Pluridecorato della seconda guerra mondiale, studioso della storia militare, Michel Howard pronunciò un discorso che ebbe molto rilievo il 30 ottobre 2001, a Londra. Per lui il desiderio di immediate e decisive azioni dopo l’11 settembre rischiava di creare una “psicosi bellica totalmente controproducente per gli obiettivi perseguiti. La qualità che serve in una seria campagna campagna anti terrorismo – segretezza, intelligence, sagacia politica, quieta spietatezza, azioni coperte e infinita pazienza- spariscono nell’ansia mediatica di risultati immediati”.
La battaglia osservò Michel Howard, però doveva essere per i cuori e le menti: se innocenti civili fossero colpiti nel calore della risposta, l’atrocità d’origine sarebbe presto dimenticata “rafforzando l’odio e le reclute dei terroristi, seminando intanto dubbi nelle menti dei sostenitori dell’America”. Ricordando che l’impero britannico gestì molte emergenze del genere -dalla Malesia a Cipro all’Irlanda- ricordò che mai ricorse al termine “guerra”, ma a quello “emergenze”. La differenza sta, spiegò, negli strumenti che venivano impiegati: non l’esercito, ma la polizia e l’intelligence, che sebbene rafforzati e dotati di poteri speciali restarono sempre nella cornice dell’autorità civile. Dunque, tornando alla conquista dei cuori e delle menti, sostenne la tesi che l’obiettivo di fondo era isolare i terroristi, non dargli la legittimazione di “combattenti”, ma ricondurli a quello che li si ritiene, criminali.
La tesi di Michel Howard a mio avviso colse punti importanti che oggi troviamo in tantissimi conflitti. Putin non ha dichiarato “guerra” all’Ucraina, ha avviato un’operazione militare speciale. Al di là dei calcoli di altra natura, questo gli è servito a non dare dignità di combattenti, di belligeranti, agli ucraini, li ha considerati alla stregua di terroristi. Ma allora bisognava chiedergli se tutto il popolo ucraino, che colpisce indiscriminatamente, fosse terrorista, o “nazista”, per usare il suo linguaggio. La sua operazione militare speciale ha negato agli occhi dei russi l’evidenza di una guerra al popolo ucraino e non ai presunti “nazisti”, proprio per non perdere i cuori e le menti.

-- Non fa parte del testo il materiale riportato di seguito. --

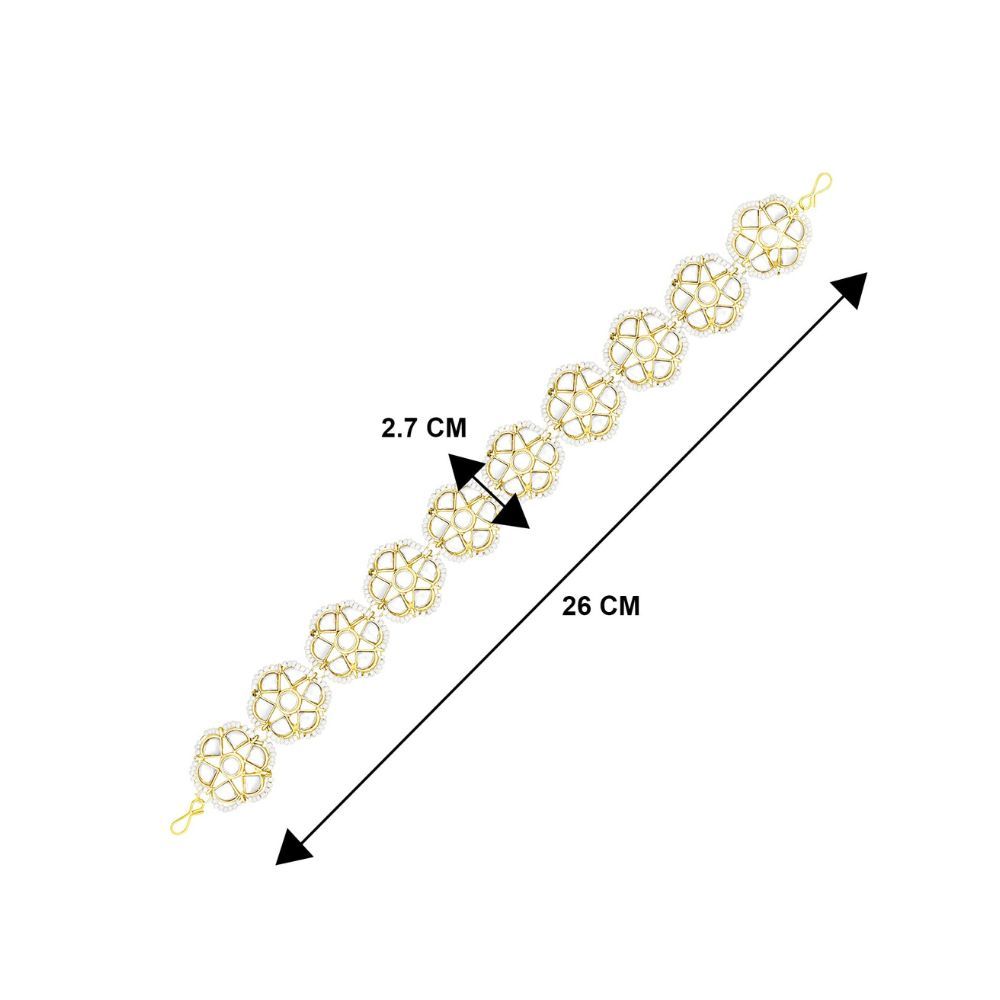 Peora Traditional Gold Plated White Kundan Pearl Studded Matha Patti Hair Accessories for Girls & Women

In Siria Assad ha fatto lo stesso. Dietro la sua guerra ai terroristi, da lui sapientemente alimentari- soprattutto l’Isis -il nemico perfetto-, si vedeva stagliarsi in tutta evidenza una guerra al popolo siriano che lui ovviamente ha negato, conquistando i cuori e le menti di molti di noi, con la scusa del terrorismo, al quale come i neocon di Bush dichiarava “guerra” per difendere in realtà il suo sistema totalitario e cleptocratico. Ma i cuori le menti di molti occidentali si sono fatti conquistare dalla guerra al terrore.
Possiamo dunque vedere nei nostri e negli altrui cedimenti la forza e la pericolosità del meccanismo. Che è meno evidente e riconoscibile nel caso dei conflitti interni agli Stati, ma che diventa fortissima quando in ballo ci sono culture e identità differenti.
E’ come se la criminalizzazione dei terroristi, sempre presenti, comportasse e necessitasse la criminalizzazione dei popoli, con il risultato frequente di consegnargli i cuori e le menti di molti che non sono terroristi. A Gaza, ad esempio, un sondaggio condotto proprio il 6 ottobre dimostrava che la maggioranza della popolazione dissentiva da Hamas, condividendo la proposta dei due popoli in due stati e non quella di Hamas, la distruzione di Israele.
In definitiva la guerra al terrorismo sortisce comunque un effetto di polarizzazione, nella quale sono i moderati a risultare schiacciati. Torniamo al 2001 e alla guerra al terrorismo dichiarato dagli Stati Uniti. Quali sono stati i suoi esiti? Oggi possiamo affermare che la scelta di Trump, confermata da Biden, ha restituito l’Afghanistan ai talebani. Mentre in Iraq la scelta di Obama, confermata da Trump, ha consegnato il Paese alle milizie filo-iraniane.